This article will have a continued discussion of basic cookery to allow the readers determine which method is the best procedure to be used for different kind of food. At this point, we will discuss the stewing method. Technically, stewing is a process of cooking where a food such as meat/chicken/beef/fish is covered with water from low to medium heat. This is because the process will give enough flavor and a concentrated color for the food and also the sauce.
The suitable foods for stewing are the following: meats such as lamb, pork, chicken and beef; fish such as fresh, shellfish or ocean fish under slow heat; vegetables like garlic, tomatoes, potatoes and onions, and also some fruits including pineapple, peaches and apples.
Casserole and brat pans are the most used equipment in stewing. The choice depends on the kind of food and amount of ingredients to be used. It is appropriate to use wooden spoon to reduce the risk of discoloration of the food. We should always be careful in handling the food and when transporting it because it might burn your skin.
Deglazing can be the main purpose for stewing that is usually used with wine, stock or plain water. The meat prepared is cut into bite-size and done in shallow frying with hot oil to produce sediments and juices to give flavor and unique aroma of the stew. In the end of the process, the ingredients will be in the liquid, under a medium heat and advised that the casserole is covered as they begin the cooking process.
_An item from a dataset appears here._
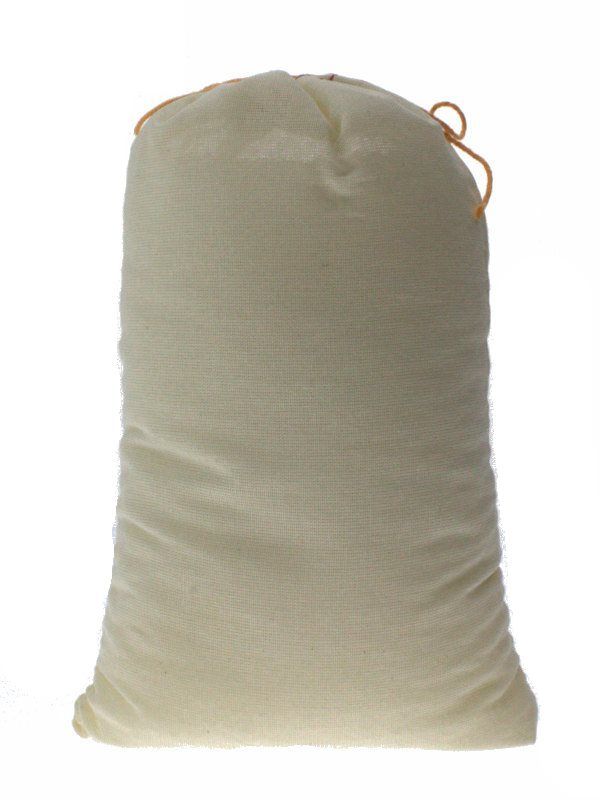 900 Gram Silica Gel Desiccant (2 pack)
Seasoning is a very important aspect of cooking, especially when stewing due to a lot content of water or liquid. Any seasoning can be added prior to cooking, aside from salt, which is sometimes not used until the end of the cooking because the stewing process will gradually acquire the natural salt and flavoring from the meat. This occurs when the meat breaks down and coverts the collagen to gelatin that allows the other ingredients to combine with the flavoring coming from the meat.
So now that we know the principle of stewing, we should not forget the personal hygiene rules prior to cooking such as cleaning, washing and sanitizing of the equipment, pottery, casserole and pan. The usage of gloves or pot holders especially when transporting the content to another container is also a safety standards in cookery.